I wear Scentlok coveralls, but don't do anything special to the stuff that I'm wearing underneath them. We also sprayed ourselves down with scentkiller on gloves, hats, boots, bow, etc., and kept that stuff in scentfree bags when it was in the truck. I got the coveralls for only $60 at Dick's in Westland sometime over the summer. They're the lightweight "Savanna" series. When it's colder, I layer up underneath them. You can often find the men's smaller sizes really cheap on clearance at sporting goods stores. I'll probably spring for a set of the cold weather Scentlok when the end-of-season sales start.


----------



## timberdoodle528 (Nov 25, 2003)

I believe that scent control is one of the most important - if not the most important thing when bowhunting.
I've read that human scent rolls off of us like dust off the back of a pickup truck down a dirt road. They said unless you have an airtight suit on - you can forget being totally scent free. But I like the plastic bag idea with the pine bow - I think that would help out a lot.

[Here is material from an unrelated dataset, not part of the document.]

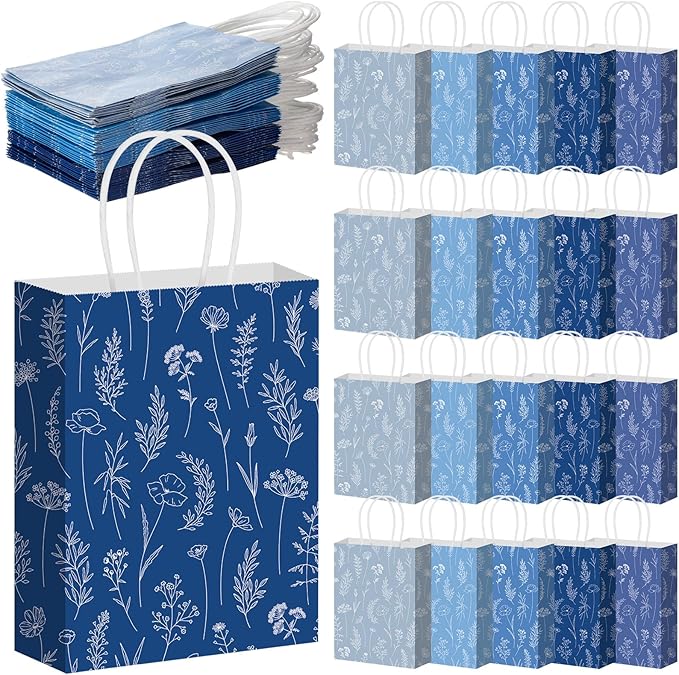 Kolldenn 50 Pcs Blue Wildflower Gift Bags with Handles Paper Floral Goodie Welcome Bag for Wedding Guest Baby Shower Bridal Birthday Party Favor, 5.91 x 3.15 x 8.27 Inches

And of course staying away from smelly soaps/perfumes and spraying your boots and clothes down with some sort of scent blocker helps.
If you have the luxuary of having multiple stands that you have access to hunt - I guess the best thing is to watch the wind and have a good idea of which direction the deer will be coming from so you can stay downwind from them. One of the hardest things to do, I believe, is to fool a deer's nose. :help:


----------